While cloud solutions seem to be the de facto choice for production systems, some software developers are likely to be in need of free local alternatives, which is proven by projects like LocalStack, act, etc.
Given that, what about developing a solution for running locally some functionality that the paid version of MongoDB Atlas does? One possible way is to opt for the following:
- Docker to run MongoDB containers;
- Testcontainers to handle the containers via a programming language like Java;
- Toxiproxy to simulate network conditions.
All good, but to build a cluster of more than one node MongoDB requires that "each member of a replica set is accessible by way of resolvable DNS or hostnames". If you run Docker version 18.03+ on hosts like Mac and Win or Docker 20.04+ on Linux, you are free to use the special DNS name host.docker.internal
. During installation Docker might add it to your OS host file. However, for those who cannot upgrade their Docker for some reason, we can employ a special container which redirects traffic to the host, for instance Qoomon docker-host. Similarly, we can add dockerhost
to the OS host file and also run the container with NET_ADMIN
and NET_RAW
kernel capabilities.
The good news is that we do not have to connect all the above-mentioned pieces together manually, but instead can take the free MongoDBReplicaSet.
Let us get started by creating a new Gradle project with Java and adding some dependencies from Maven central:
testCompile("com.github.silaev:mongodb-replica-set:0.4.3")
testImplementation("org.mongodb:mongodb-driver-sync:4.2.1")
1) Note that it is up to you which MongoDB driver to use here, mongodb-driver-sync
is an example.
Then we need to check and possibly change our OS host file. Regarding host.docker.internal
, it might be already there, otherwise add 127.0.0.1 host.docker.internal
. As per dockerhost
, add 127.0.0.1 dockerhost
. You have to pick only one of them and use it within your test execution.
Our journey begins and we are ready to write a test to simulate network partitioning in the P-S-S. Here is the description of it:
try (
final MongoDbReplicaSet mongoReplicaSet = MongoDbReplicaSet.builder()

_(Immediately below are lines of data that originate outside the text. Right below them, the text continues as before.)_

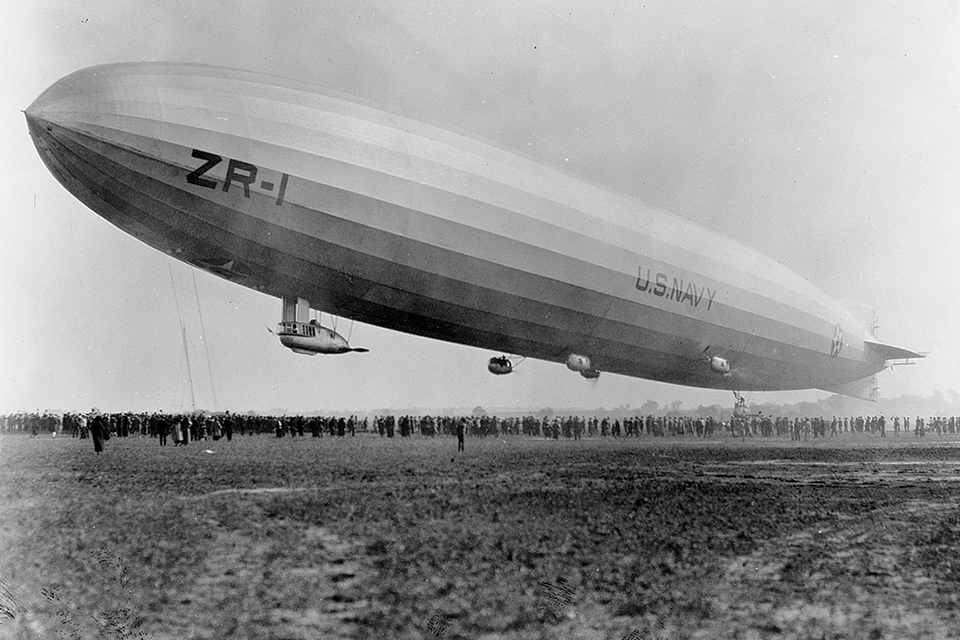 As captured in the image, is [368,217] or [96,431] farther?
[96,431]

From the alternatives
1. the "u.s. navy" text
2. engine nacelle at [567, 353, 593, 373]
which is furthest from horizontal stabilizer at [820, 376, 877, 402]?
engine nacelle at [567, 353, 593, 373]

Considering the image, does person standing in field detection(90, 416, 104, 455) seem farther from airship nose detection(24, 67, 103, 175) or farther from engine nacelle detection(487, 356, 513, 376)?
airship nose detection(24, 67, 103, 175)

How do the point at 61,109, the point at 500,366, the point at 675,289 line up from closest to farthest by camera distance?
the point at 61,109
the point at 500,366
the point at 675,289

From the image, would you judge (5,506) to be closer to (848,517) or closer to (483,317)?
(483,317)

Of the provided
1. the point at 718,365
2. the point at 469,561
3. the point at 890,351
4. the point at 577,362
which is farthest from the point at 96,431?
the point at 890,351

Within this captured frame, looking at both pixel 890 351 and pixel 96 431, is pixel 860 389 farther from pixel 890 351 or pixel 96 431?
pixel 96 431

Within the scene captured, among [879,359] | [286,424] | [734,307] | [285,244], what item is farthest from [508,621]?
[286,424]

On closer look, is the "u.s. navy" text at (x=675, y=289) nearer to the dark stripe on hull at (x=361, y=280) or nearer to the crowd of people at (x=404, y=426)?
the dark stripe on hull at (x=361, y=280) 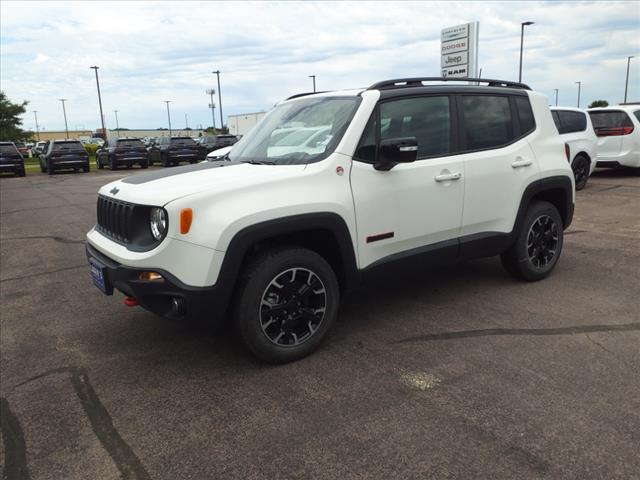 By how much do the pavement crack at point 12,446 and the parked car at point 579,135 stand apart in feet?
35.7

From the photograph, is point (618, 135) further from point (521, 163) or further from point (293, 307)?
point (293, 307)

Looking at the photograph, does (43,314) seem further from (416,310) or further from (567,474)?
(567,474)

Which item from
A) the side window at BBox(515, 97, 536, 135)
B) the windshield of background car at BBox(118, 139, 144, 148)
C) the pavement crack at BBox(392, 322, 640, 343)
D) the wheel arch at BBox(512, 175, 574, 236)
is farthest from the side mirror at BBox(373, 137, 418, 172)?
the windshield of background car at BBox(118, 139, 144, 148)

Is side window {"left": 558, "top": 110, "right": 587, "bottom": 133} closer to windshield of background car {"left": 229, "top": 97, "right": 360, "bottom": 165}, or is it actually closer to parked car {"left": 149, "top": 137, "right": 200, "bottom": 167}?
windshield of background car {"left": 229, "top": 97, "right": 360, "bottom": 165}

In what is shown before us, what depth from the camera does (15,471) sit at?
8.45 ft

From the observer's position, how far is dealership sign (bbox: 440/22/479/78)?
65.0 ft

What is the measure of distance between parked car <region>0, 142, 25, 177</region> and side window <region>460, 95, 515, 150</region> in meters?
23.6

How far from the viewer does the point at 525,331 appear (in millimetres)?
3965

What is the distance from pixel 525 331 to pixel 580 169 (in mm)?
8625

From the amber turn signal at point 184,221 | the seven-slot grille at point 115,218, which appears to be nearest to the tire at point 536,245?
the amber turn signal at point 184,221

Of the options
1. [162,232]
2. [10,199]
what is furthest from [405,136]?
[10,199]

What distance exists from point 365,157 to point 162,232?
4.88 ft

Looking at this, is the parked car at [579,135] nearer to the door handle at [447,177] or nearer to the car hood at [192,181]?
the door handle at [447,177]

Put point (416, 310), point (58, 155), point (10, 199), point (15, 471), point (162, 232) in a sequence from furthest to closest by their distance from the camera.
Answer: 1. point (58, 155)
2. point (10, 199)
3. point (416, 310)
4. point (162, 232)
5. point (15, 471) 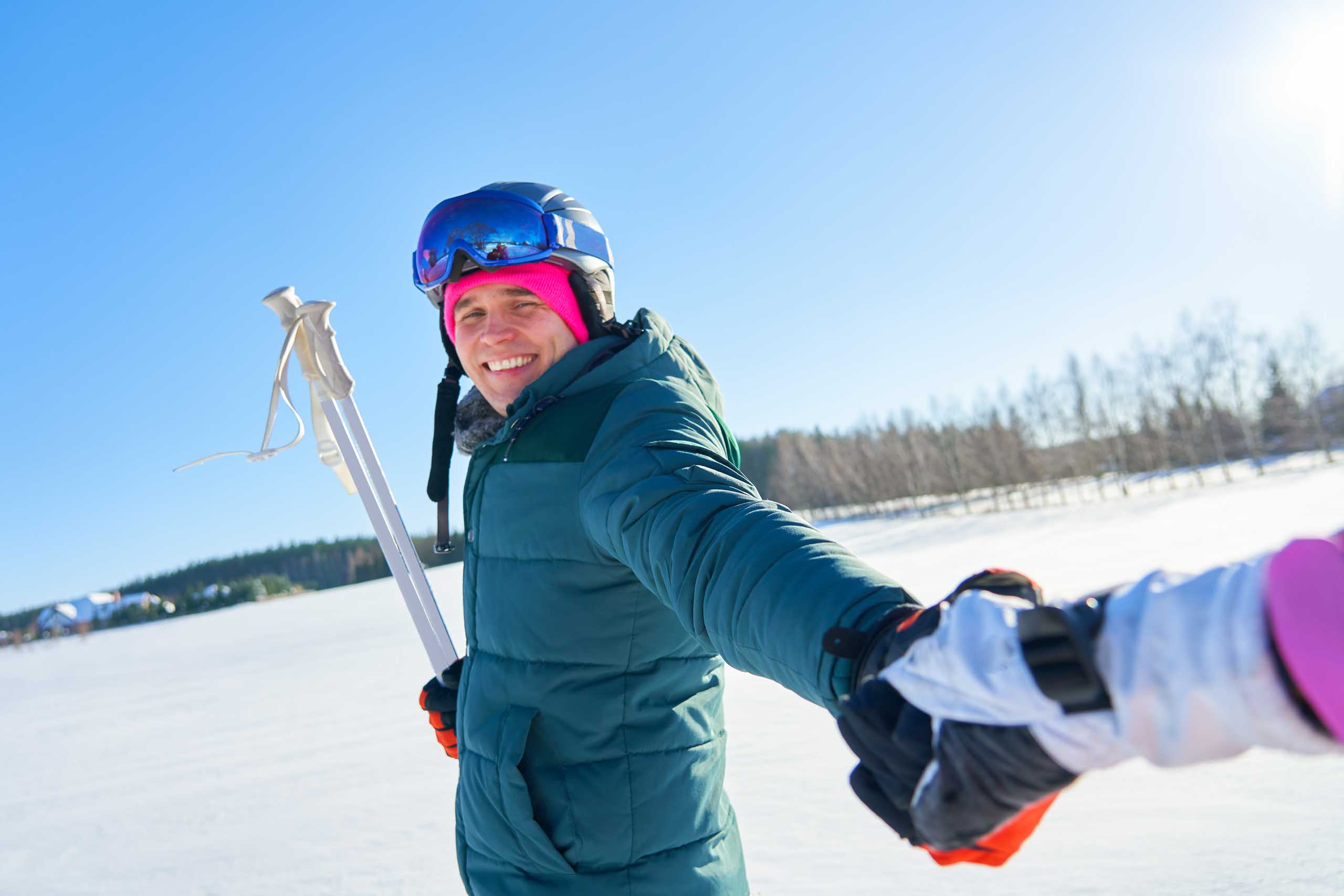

.mongoDockerImageName("mongo:4.4.4")
.useHostDockerInternal(true)
.addToxiproxy(true)
.replicaSetNumber(3)
.commandLineOptions(Arrays.asList("--oplogSize", "50"))
.build()
) {
1) Use mongo:4.4.4
as the latest MongoDB Docker image at the moment of writing;
2) If useHostDockerInternal
is true, use host.docker.internal
of Docker, otherwise take dockerhost
of Qoomon docker-host;
3) Put a ToxiproxyContainer.ContainerProxy against each MongoDB node;
4) Set 3 (possible up to 7) members to construct the P-S-S;
5) Optionally, add some command line options, for example set 50MB as the replication operation log;
6) Auto-close all the containers via try-with-resources in case of any exception or completion.
Now we can start the replica set by mongoReplicaSet.start()
, get its URL and make some assertions:
final String replicaSetUrl = mongoReplicaSet.getReplicaSetUrl();
assertThat(
mongoReplicaSet.nodeStates(mongoReplicaSet.getMongoRsStatus().getMembers())
).containsExactlyInAnyOrder(PRIMARY, SECONDARY, SECONDARY);
1) Internally, getMongoRsStatus() calls rs.status()
in MongoDB shell.
Then we can, for instance, create a MongoClient
to insert some data and subsequently assert it (see the full example on Github).
try (
final MongoClient mongoSyncClient = MongoClients.create(new ConnectionString(replicaSetUrl))
) {
1) Note that we are also able to use the more convenient MongoClientSettings
as the parameter of the create
method to set timeouts, read/write concerns, turn off retries at the connection level.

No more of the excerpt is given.